MOSCOW, April 29 (RIA Novosti) - A senior Russian lawmaker dismissed Sunday as unfounded Estonia's claims that Russia was to blame for escalating tension in Estonia and sparking clashes in the Estonian capital after the removal of the Soviet WWII monument.

Estonian Foreign Minister Urmas Paet said April 29 that biased coverage by Russian mass media and ill-intentional statements by Russian politicians were partly to blame for violent clashes between protesters and police in the Estonian capital after the Bronze Soldier statue was dismantled and removed early Friday.

"The statement is inadequate and is evidence that the Estonian authorities have failed to realize what is going on or pretend to do so," said Konstantin Kosachev, chairman of the State Duma International Affairs Committee.
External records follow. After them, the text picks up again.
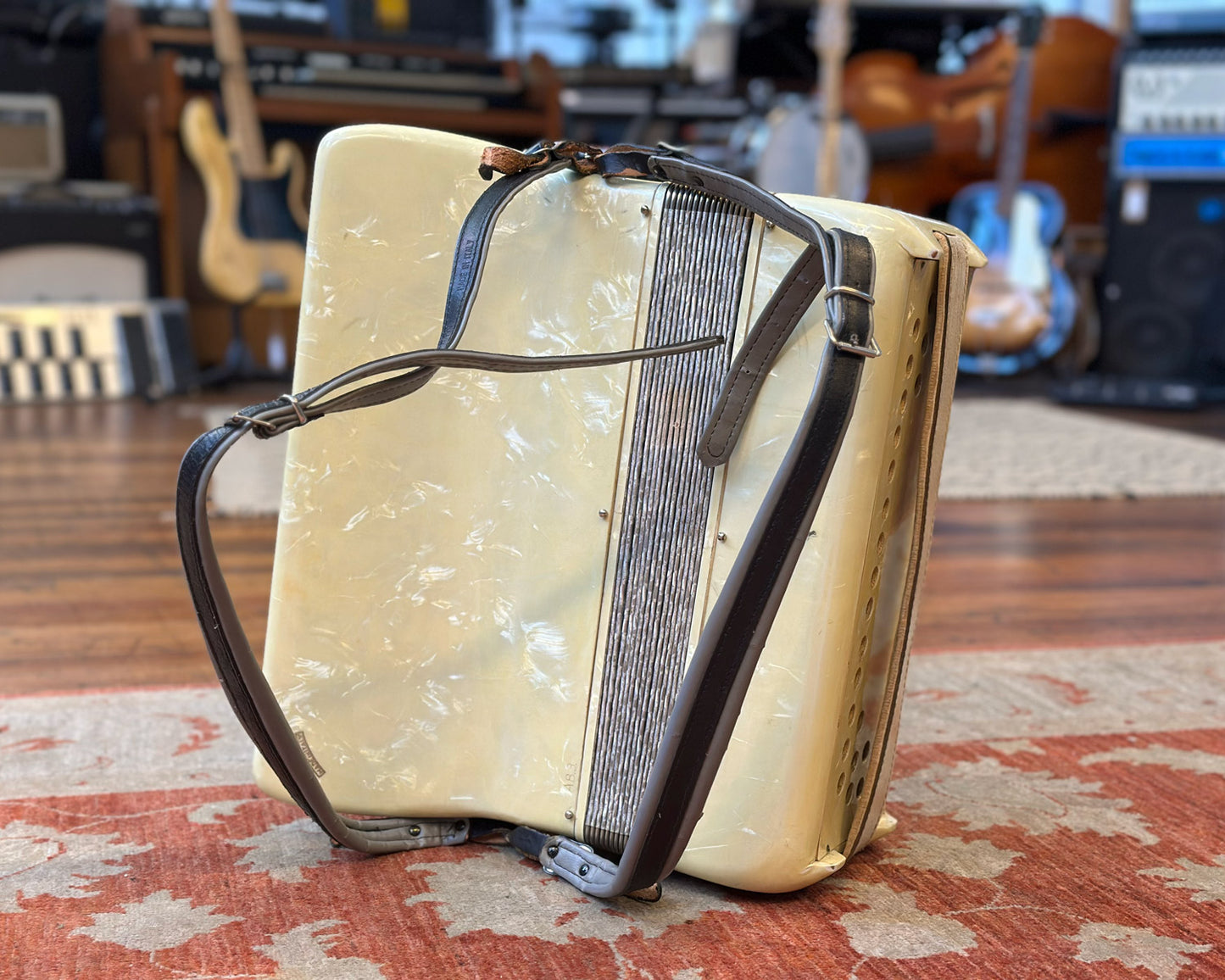 Castelfidardo Baleani Altimoro - Piano Accordion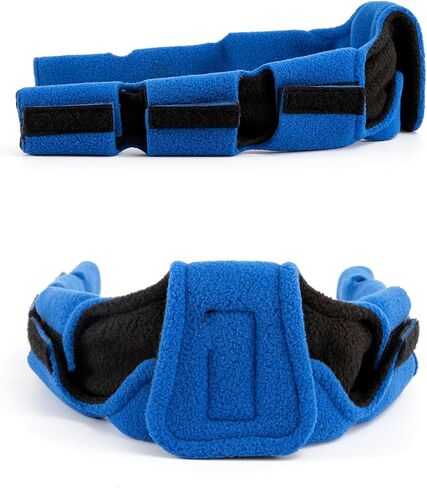 Neck Pad for Headgear Straps, Mask Strap Padded Accessories, Neck Cushion, Headgear Comfort Cover for Full Face Prevent Strap Marks on Your Skin Works with Most Generic Headgears in Saudi Arabia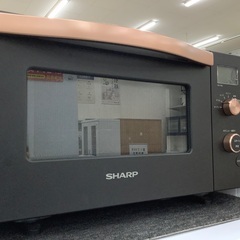 【2020年製】SHARP(シャープ)オーブンレンジのご紹介です！！！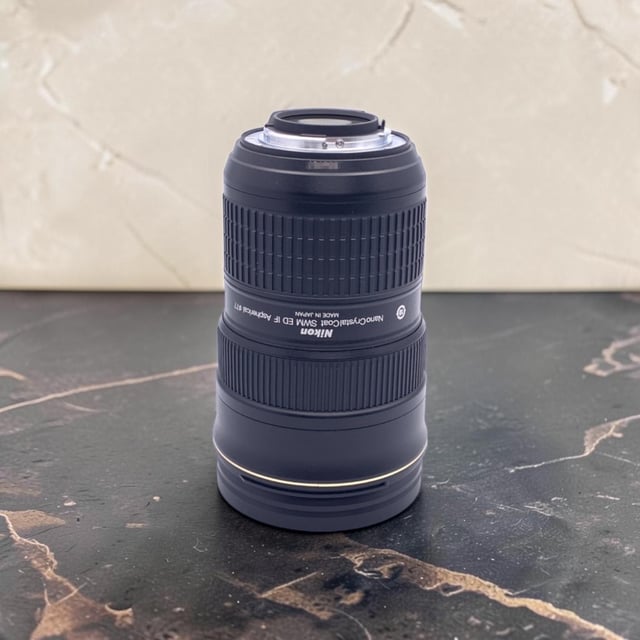 AF-S NIKKOR 24-70mm f/2.8G ED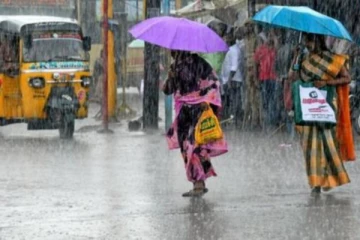 மக்களே அலார்ட் - 3 நாட்களுக்கு வெளுத்து வாங்கப் போகும் கனமழை - வானிலை ஆய்வு மையம் தகவல்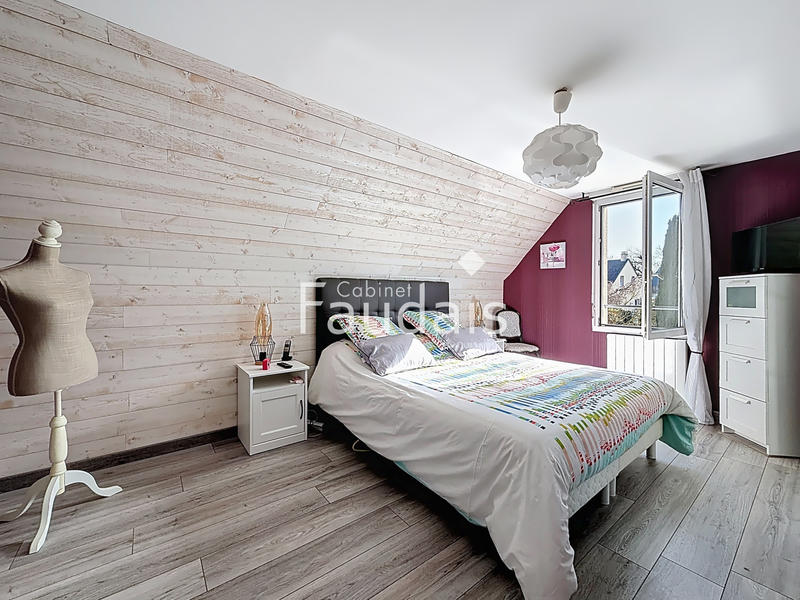 Maison - 135 m² - 7 pièces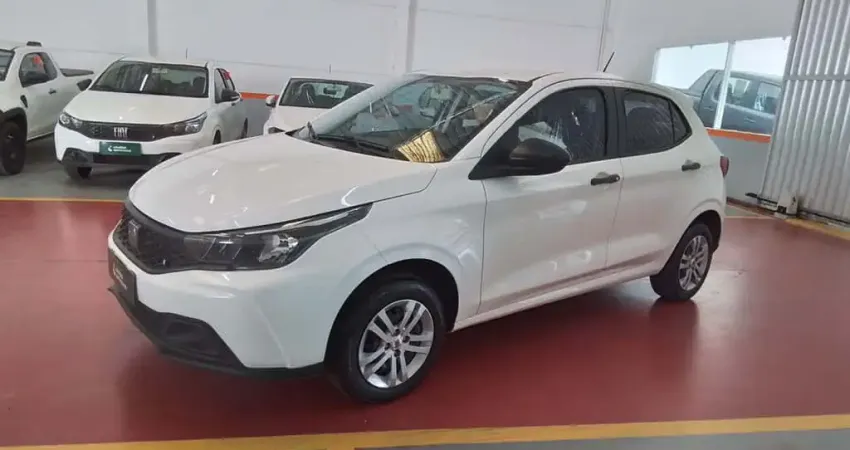 Fiat Argo 2023 1.0 firefly flex manual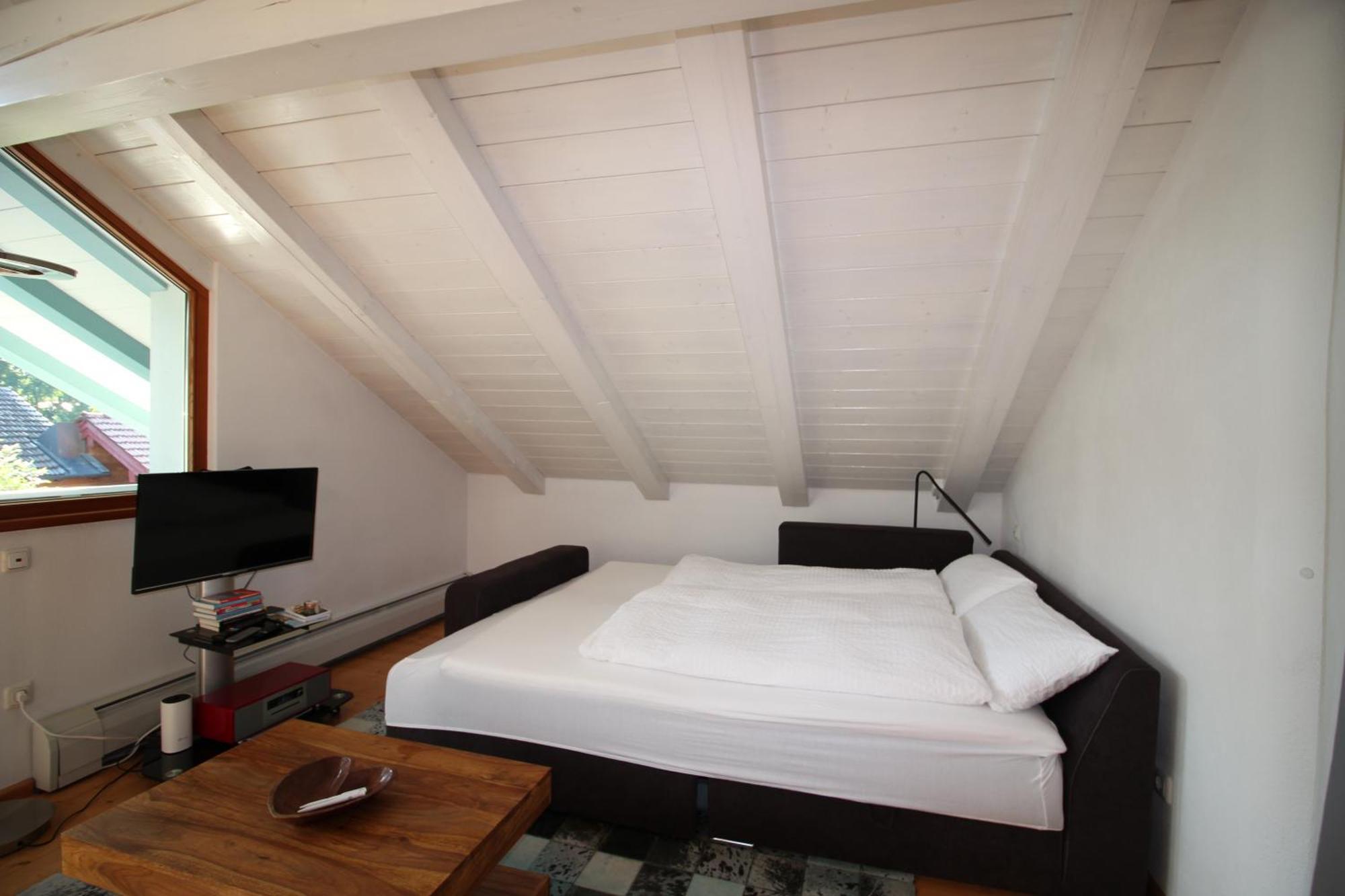 Ferienwohnung Bernau ベルナウ・アム・キームゼー エクステリア 写真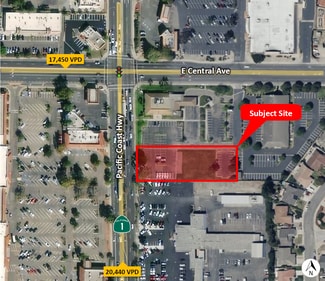 Lompoc, CA Commercial - 1320 N H St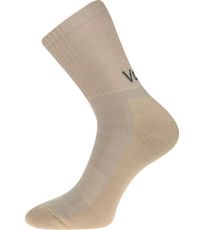 Unisex sportovní ponožky Mystic Voxx béžová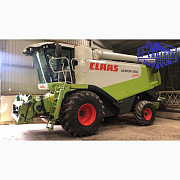 Зернозбиральний комбайн CLAAS Lexion 550 2006 року, Полтавська область. 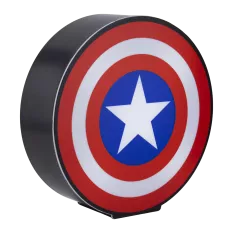 Marvel Lamp Captain America Box 15cm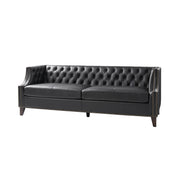 Lothaire  Sofa - Black
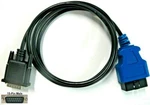 5ft Obdii Obd2 Main Adapter Cable Compatible W/ Blue Point Eehd181030s Pocket Iq. Fixed Price $39.99.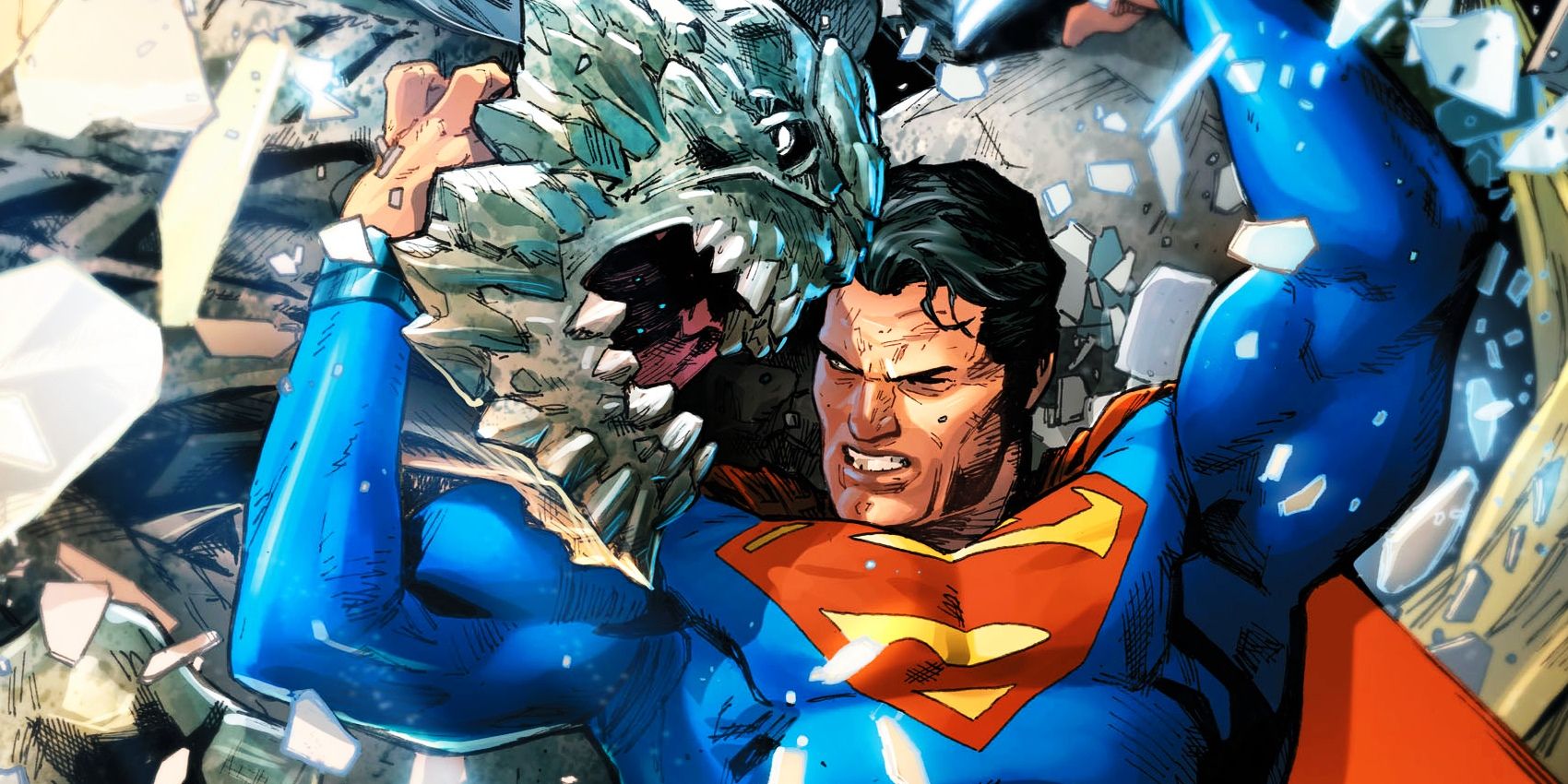 Superman Reveals to Supergirl the One Threat Equal to Doomsday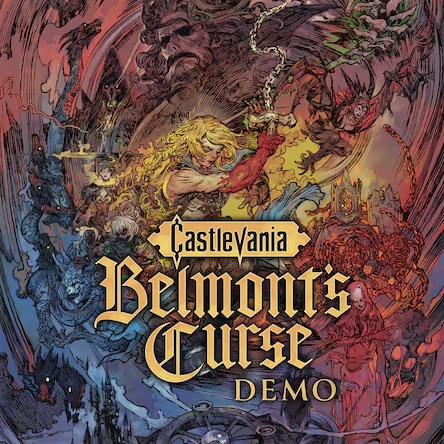 Castlevania Belmonts Curse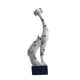 thumbnail image 1 of Estatuas de animales para decoración del hogar, figuras de animales, adornos de escritorio, lindos objetos coleccionables. Perro, 1 of 9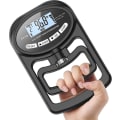 Pikkukuva 1 / 5: Hand Dynamometer Grip Strength Trainer - Hand Exerciser Digital Grip Strength Trainer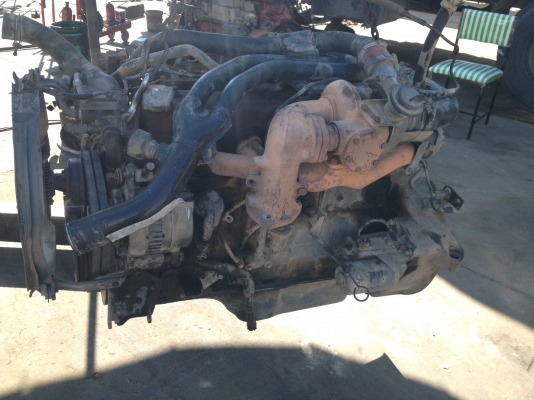 ขายเครื่องอีซุ 6bg เทอร์โบอินเตอร์ (จะเอาอะไรก็โทรมานะคับ)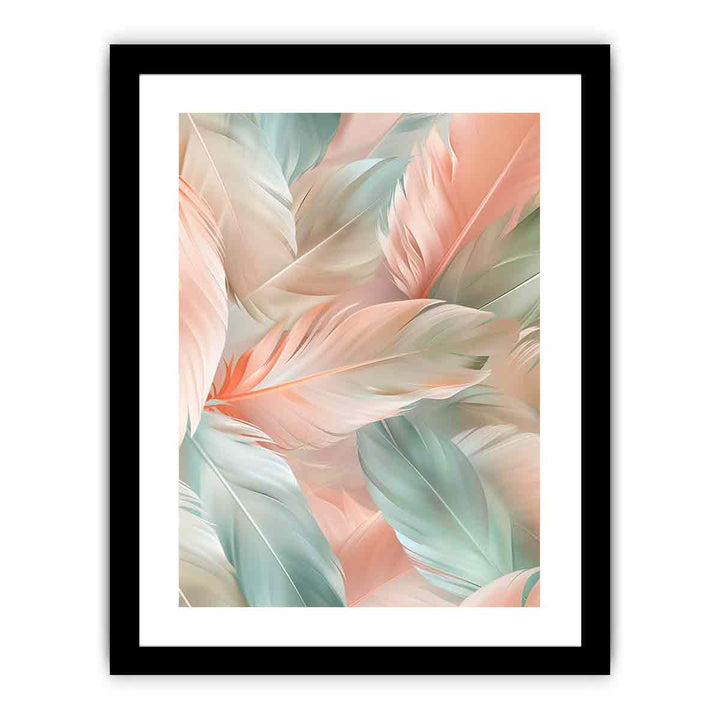 Soft  Art Print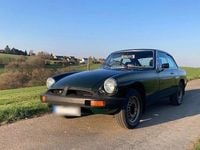 Gebraucht MG B 95 PS (69 kW) 1975 Grün Coupé
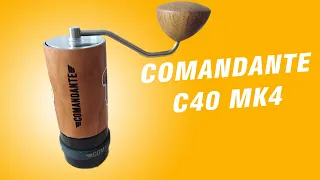 Comandante C40 Mk4 - неудобная правда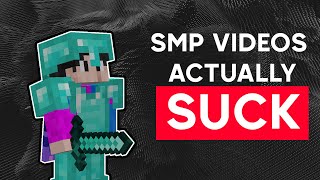 This is Why Minecraft Smps SUCK [upl. by Julissa]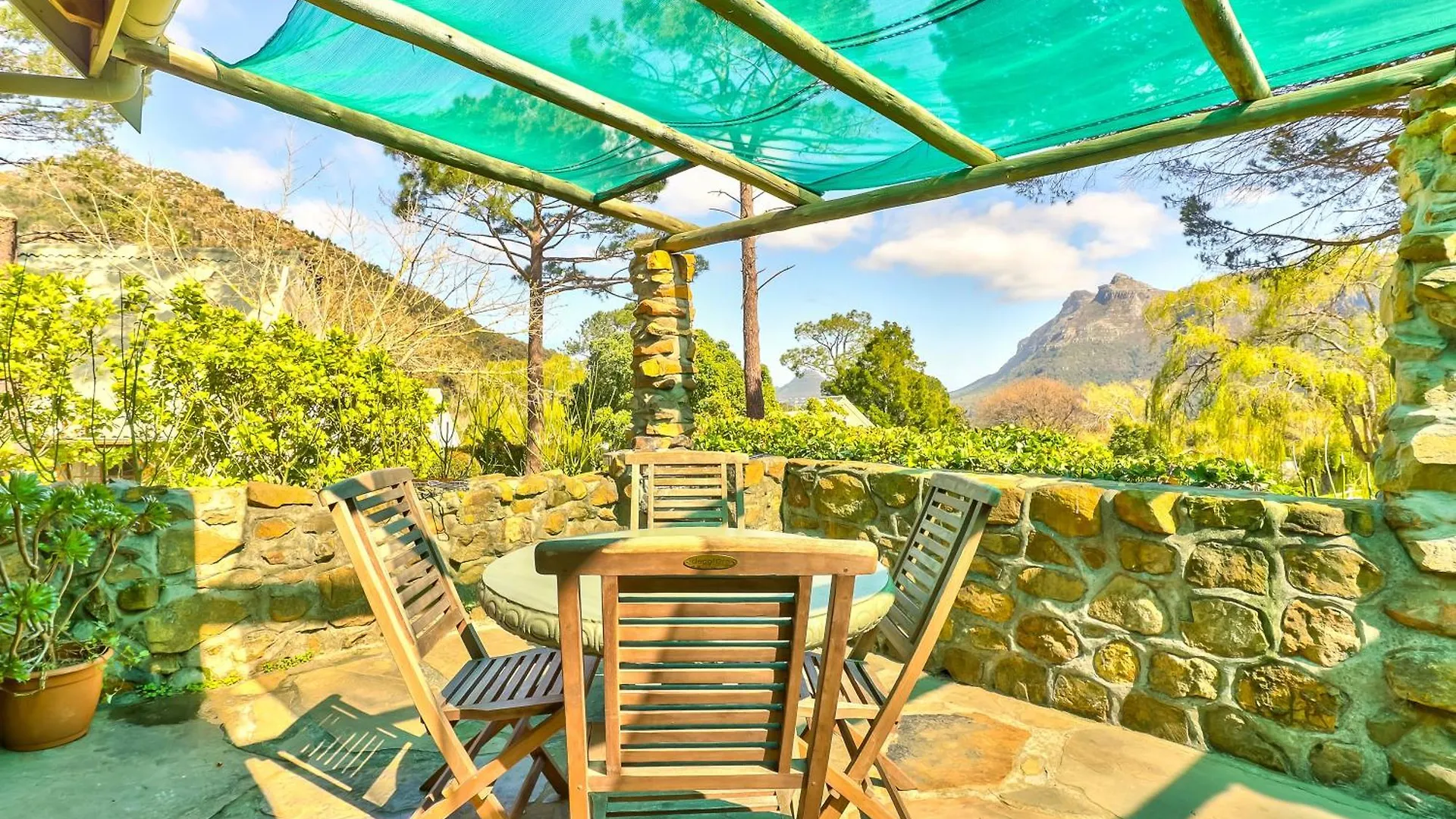 Houtkapperspoort Mountain Cottages Ciudad del Cabo 0*,  Sudáfrica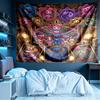 Poppy Playtime Print Tapestry, Lightweight Wall Hanging, for Bedroom, Dorm, Living Room, Home Art Decor, Birthday Christmas Gift for Friends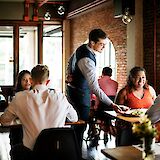 Fine dining. Curated Lifestyle@unsplash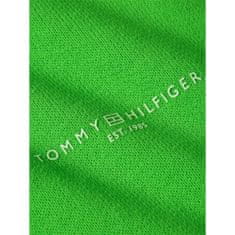 Tommy Hilfiger Mikina zelená 163 - 167 cm/S WW0WW39189LWY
As a result of the clashes in the central streets of Tallinn, one man aged 19-20 died, 60 injured, and over 500 detained. The deceased was a Russian national.

"We have no relation to the civil society's reaction witnessed in the streets of Estonian cities," Kosachev said.

Apart from the 13 soldiers buried in 1947 under the Bronze Soldier, about 50,000 Soviet soldiers are believed to be buried in 450 WWII burials across Estonia.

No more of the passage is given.